The other businesses in the first class run the gamut of eco-friendly concepts.

Inspectorio — a company in Minneapolis — uses cloud-based software to improve supply chains. Group O — in Milan, Illinois — also works on supply chain solutions, optimizing them to reduce waste.

BlocPower — a climate technology company in Brooklyn, New York — turns aging buildings into state-of-the-art structures and has improved more than 1,200 buildings in disadvantaged communities since 2014 with energy-efficient heating and cooling systems.

Volt Energy is a solar energy development firm in Washington, D.C., which develops, finances and operates a variety of solar energy projects across the nation.

L2S Engineering LLC — in Leesburg, Virginia, and Apollo Beach, Florida — is a mechanical, electrical and plumbing engineering design firm focused on sustainability and energy efficiency.

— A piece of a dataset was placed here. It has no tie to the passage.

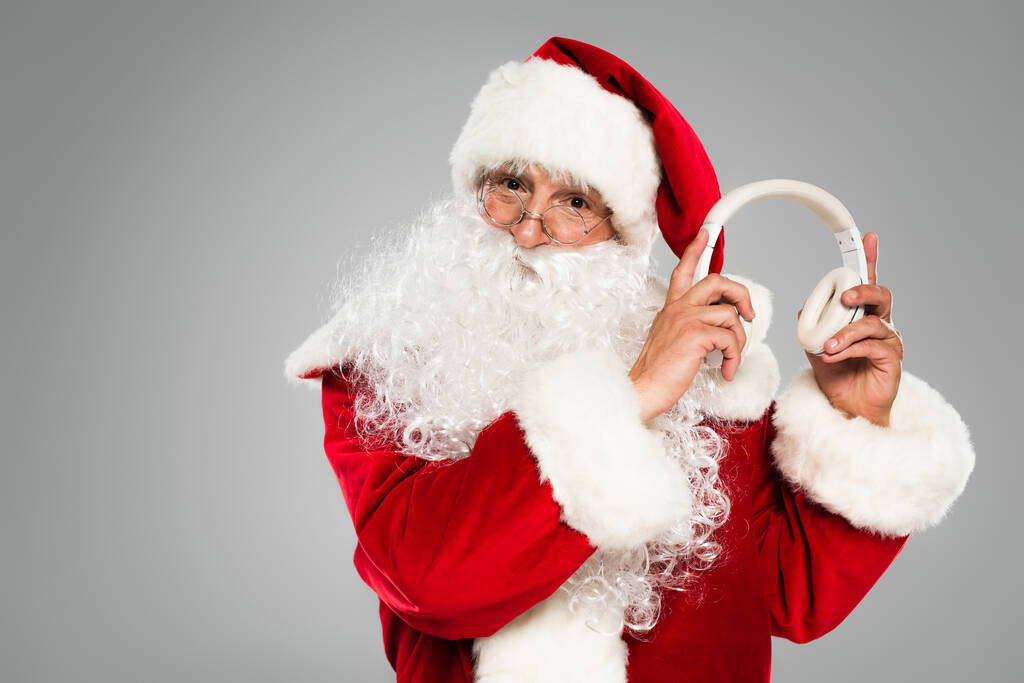 Санта-Клаус в очках с наушниками, изолированными на сером  - Фото, изображение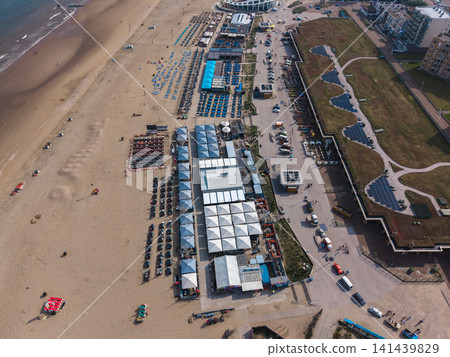 Beautiful high altitude aerial panoramic perspective of beach resort clubs with blue sunbeds green roof solar panels and coastal promenade along the sandy shoreline under bright sunlight Beautiful high altitude aerial panoramic perspective of beach resort clubs with blue sunbeds green roof solar panels and coastal promenade along the sandy shoreline under bright sunlight 141439829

Mosaic Global Transportation — in San Jose, California — is an international ground transportation company specialized in employee shuttles, commuter services and event businesses. Mosaic aims to replace gasoline-operated vehicles used for these services with electric vehicles.

Also in California is Vericool Inc., a packaging and shipment company in Livermore that specializes in making sustainable, environmentally friendly packaging that can replace expanded polystyrene and petroleum-based foam packaging for shipments that need to stay protected; and Bench-Tek Solutions, a manufacturing and automation company in Santa Clara that creates ergonomic and eco-friendly furniture for different types of workplaces.

GreenTek Solutions is a recycling and reuse company in Houston, Texas. Also in Texas is Argent Associates, in Plano, a consultancy that helps create eco-friendly supply chain solutions.

And the Oceti Sakowin Power Authority is a clean energy developer spanning tribal regions across the Dakotas. An independent nonprofit, it was formed by six Sioux tribes to jointly develop tribal renewable energy sources.

“We are thrilled to welcome our first Impact Accelerator class, and look forward to seeing how these innovative businesses will expand their work to protect the planet and our communities,” Lisa Jackson, Apple’s vice president of environment, policy, and social initiatives, said in a statement.

“On our journey to our 2030 carbon neutral goal for our supply chain and products, we’re determined to help create a greener and more equitable future for all people,” Jackson continued. “The businesses we’re partnering with today are poised to become tomorrow’s diverse and innovative industry leaders, creating ripples of change to help communities everywhere adapt to the urgent challenges posed by climate change.”

Keri Fulton, a spokesperson for Apple’s Impact Accelerator, said that the company has other social justice programs, as well.

“Our Racial Equity and Justice Initiative, or REJI, is a long-term effort to help ensure more positive outcomes for communities of color,” Fulton said in an email. “The initiative focuses on education, criminal justice reform and economic equality.”

She noted how Apple launched REJI with a $100 million commitment towards initiatives like the launch of the Propel Center, which supports minority leaders with educational programs, tech support, career opportunities and fellowship programs. Apple is also launching a new program called the Apple Developer Academy later this year that will provide Black entrepreneurs, creators and coders of all experience levels across Detroit with a new place to hone their skills and iOS apps. Apple also runs its Entrepreneur Camp for Black Founders and Developers, which gives app developers one-on-one code-level guidance from Apple engineers.

And in the environmental space, “Apple has committed to being 100 percent carbon neutral across its entire business, manufacturing supply chain, and product life cycle by 2030,” Fulton said. “The company is already carbon neutral today for its global corporate operations.”

A representative at Dunamis Clean Energy could not be reached for comment by press time.